Sehr geehrte Frau Hahn,

zufällige Informationen generieren auch viel Halbwissen. Sie nehmen die einzelnen Ihnen passenden Satzstücke aus dem Zusammenhang und stellen sie in einen von Ihnen konstruierten Kontext. Sowohl das Interview mit Maria Vassilakou, wenn man es zu Ende liest, als auch dieses einfach zu findende Positionspapier der Grünen Partei in Österreich ( http://www.gruene.at/uploads/media/gruene_integrationsleitlinien.pdf ) widersprechen Ihren Annahmen und machen Ihren Jubel über baldige Abschiebung zunichte.

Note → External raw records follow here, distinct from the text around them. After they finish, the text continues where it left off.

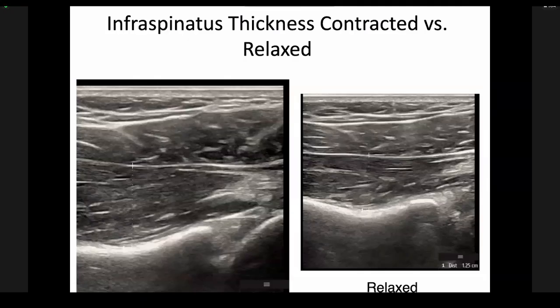In the image here, they're looking at flexed versus relaxed states. This is our glenohumeral joint — we're looking at the posterior aspect of the shoulder, measuring the thickness of the infraspinatus tendon at a fixed point both relaxed and contracted. That's where this measurement came from.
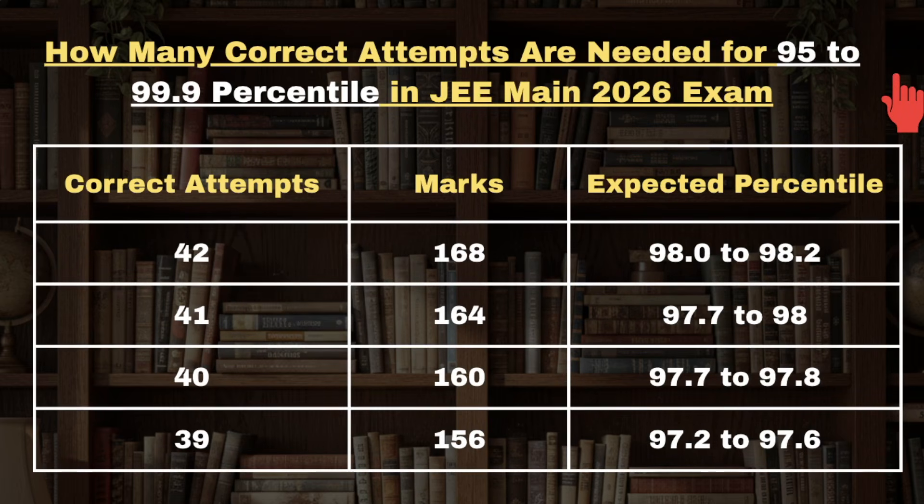If you are looking to explore more variations in marks versus percentile, or attempt versus percentile, or expected cutoffs for various NITs, Triple IITs, and IITs, then make sure to click on the top right corner of the screen to access the playlist of JEE Mains 2026.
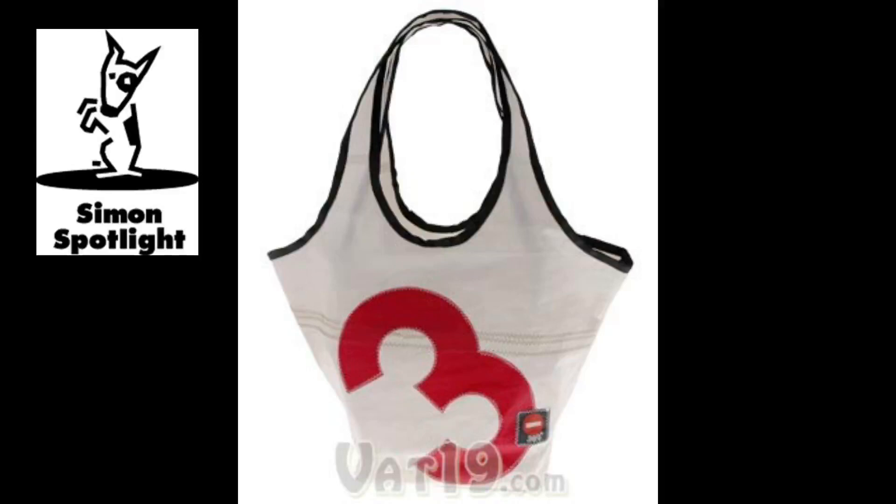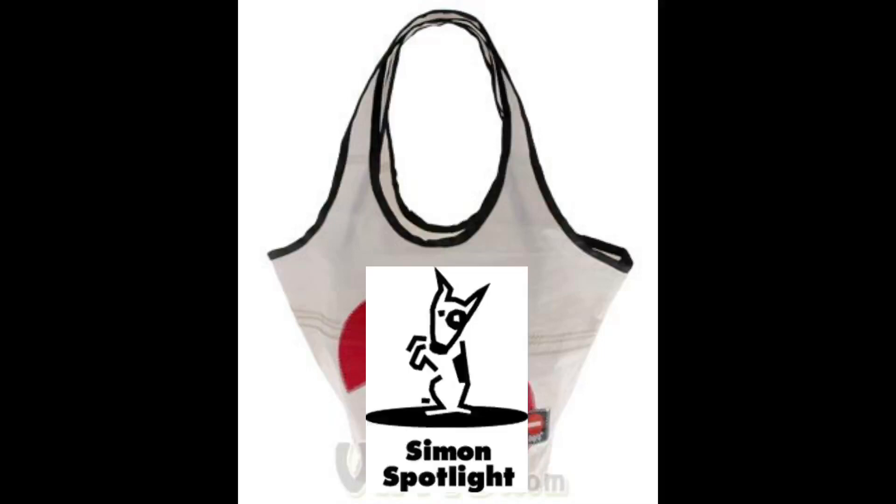The 360-degree sailcloth bags, available now from Vat19.com — creators of award-winning DVDs and purveyors of curiously awesome products.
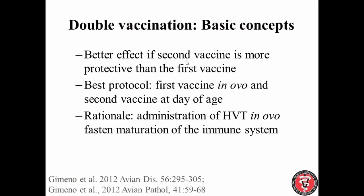When we use revaccination for Marek's disease, the effect is much better if the second vaccine is more protective than the first. So if you use HVT first, you may want to use SB1 or Rispens as the second vaccine — not HVT again. The best protocol is when the first vaccine is administered in ovo and the second vaccine is administered at the hatchery. I know many people vaccinate and revaccinate on the farm, but to optimize the effect, in ovo first followed by subcutaneous injection at the hatchery is the best protocol.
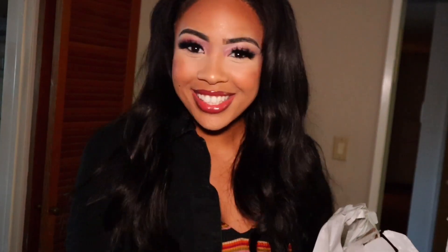Hi everyone and welcome back to my channel. I just got done grocery shopping and I did buy keto ingredients, vegan keto to be exact. Today I am going to be showing you guys exactly what I got and exactly what to eat on the vegan keto diet.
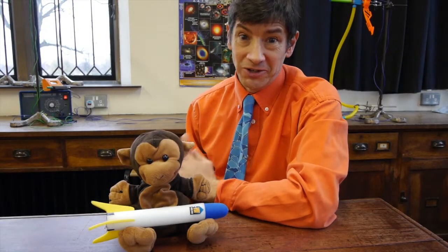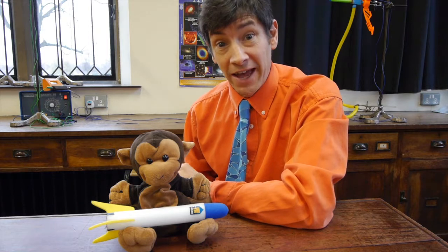Welcome back. I've got an absolutely lovely experiment to show you today, one I've been waiting to show you for a long time. This one is called the monkey and hunter.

Es gibt keine Multi-Kulti-Ideologie, auf deren Tod Sie offensichtlich sehnsüchtig warten. Aber es gibt eine multikulturelle Realität in unserem Land wie auch in Österreich, deren demokratische Gestaltung harte Arbeit und kluge Konzepte erfordert. Diese Arbeit können nur realitätstüchtige und zukunftsgewandte politische und gesellschaftliche Kräfte wie die Grünen in Deutschland und Österreich leisten. Keine Politikerin oder kein Politiker ist zum Schutz Ihrer Identität verpflichtet. Ihre Identität ist nur von Ihnen persönlich zu pflegen oder zu schützen, sie geht niemanden an.